Yesterday I learned that Andree Farias of Christianity Today Online reviewed our latest CD, Psalms. It’s the second Sovereign Grace CD he’s reviewed. Last month he also reviewed Looked Upon, a project that my sons Devon and Jordan were involved in. While I don’t always agree with everything in the CT reviews, I appreciate that they give specific reasons and examples for what they like and dislike about a project.
Along with providing exposure, reviews also tell us something about what we’re doing right and what we can do better. Andree summarized the CD in these words:
Sounds like … melodic corporate worship that recalls Matt Redman, Charlie Hall, The Kry, and Vineyard UK.
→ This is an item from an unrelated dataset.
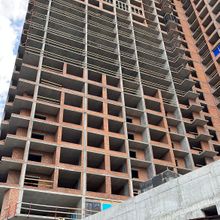 Хід будівництва ЖК Maxima Residence, 1 секція, червень 2025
At a glance … these songs based on the Psalms are effective rewrites for personal or corporate use, even if they’re not always as penetrating as the source text.
In his review, Andree takes the time to explain that Sovereign Grace isn’t another “worship-centric music compendium,” but a “network of churches that seeks to plant and support daughter congregations through specialized training, publications, and resources.” Glad he points that out. For us, music is a means to an end of building God-honoring, gospel-centered, Spirit-empowered churches. Anything that happens beyond that is a bonus.
He goes on to say that I can be “critical of the current state of modern worship” (which I can be), but then adds that we’re trying to alleviate the problem by writing songs that are theologically driven. He doesn’t mention that we also try to highlight others who are writing thoughtful, biblical, creative congregational worship songs (like Stuart Townend, Matt Redman, Keith and Kristyn Getty, etc.), and that expounding and celebrating the gospel is a theme found in many of our songs. But a reviewer can’t cover everything.
Overall, Andree writes, the songs are “pleasant, devotional, and Biblically sound. Psalms may not be an album of new songs that will be remembered for centuries to come, but it still preserves and recasts the beloved texts so fundamental to our faith.” Pleasant. Not the adjective I was hoping for, but better than unpleasant. And if some of the songs are remembered for more than five years, I’ll be happy.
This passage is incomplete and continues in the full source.